Keywords: PD-L1, anti-PD-1, immunohistochemistry, 5H1, SP142, 22C3, 28-8, SP263
Introduction
The PD-1/PD-L1 immune checkpoint is a physiologic mechanism that dampens ongoing immune responses in peripheral tissues. PD-L1 may also be expressed in the tumor microenvironment, facilitating immune evasion. In melanomas, PD-L1 expression is most often observed on malignant melanocytes and immune cells at the host-tumor interface in a focal and geographically heterogeneous pattern.1 Anti-PD-1/PD-L1 therapies block this resistance mechanism,2 unbridling the anti-tumor immune response and frequently leading to tumor regression. Anti-PD-1 monotherapy has demonstrated durable, objective response rates of 30–40% in patients with advanced melanoma.3–5
Numerous clinical studies have demonstrated that PD-L1 expression in pre-treatment tumor specimens can enrich for an anti-tumor response in patients with melanoma and other cancer types.4–8 For example, if the 30–40% of unselected melanoma patients who demonstrate an objective anti-tumor response to anti-PD-1/PD-L1 are stratified by PD-L1 expression, PD-L1(+) and PD-L1(−) patients have average response rates of approximately 50–60% and 10–20%, respectively.9,10 Findings such as these have led to recent FDA approvals for PD-L1 immunohistochemistry (IHC) assays, including the Dako PD-L1 IHC 28-8 PharmDx™ assay as a complementary diagnostic for patients with metastatic melanoma who may receive nivolumab (anti-PD-1). They also raise concern as to whether PD-L1 status should be used as the sole selection criterion for treatment with anti-PD-1 agents, since a proportion of patients with PD-L1(−) tumors also respond to therapy.11
One of the challenges in assessing the potential role of pre-treatment expression of PD-L1 as a predictive biomarker has been the variation in assays used across studies. The vast majority of studies to date have used chromogenic IHC assays for the detection of PD-L1, the results of which are interpreted by a pathologist who reports the percentage of tumor cells and/or immune cells demonstrating expression. However, the studies have used different antibodies, assay conditions, cell types scored and thresholds of positivity.12 It is not yet clear whether some of the observed differences in PD-L1 status as it relates to patient response to anti-PD-1/PD-L1 between studies are a function of the antibody used, different assay conditions, tumor types studied, or how the assay is ultimately scored by the pathologist. Questions also remain as to whether the inclusion of additional parameters--for example the intensity of PD-L1 staining-- provides added information beyond the percentage of cell staining. Given the increasing importance being placed on the immunohistochemical detection of PD-L1 in the melanoma microenvironment, the purpose of this study was to quantitatively compare the staining properties of five different PD-L1 antibodies that have been used in recent clinical trials.
Methods
Clinicopathologic characteristics
Following institutional review board approval, 34 formalin-fixed paraffin-embedded melanoma specimens from 34 patients were obtained from the surgical pathology archives. Seven were primary tumors, with 1 representing a local recurrence, and 27 were metastases.
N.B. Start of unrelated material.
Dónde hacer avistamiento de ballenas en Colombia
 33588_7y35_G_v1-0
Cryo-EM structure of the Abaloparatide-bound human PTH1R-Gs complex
Immunohistochemistry (IHC) for PD-L1
Positive and negative controls for PD-L1 IHC were created using 624-mel lines that were transfected with full length human PD-L1 and untransfected 624-mel, respectively.1 Tonsil tissue as well as 10 melanomas with previously-characterized levels of PD-L1 expression13,14 were used for assay development to assess for anticipated patterns of staining in certain cell types as well as assess for potential background staining. Additionally, Horizon systems PD-L1 IHC Reference Standard with engineered protein expressing cell lines (Horizon Discovery, Cambridge UK) were used when finalizing antibody concentrations and antigen retrieval conditions to ensure that we had comparable and dynamic ranges of staining for all antibodies studied, Supplementary Figure S1.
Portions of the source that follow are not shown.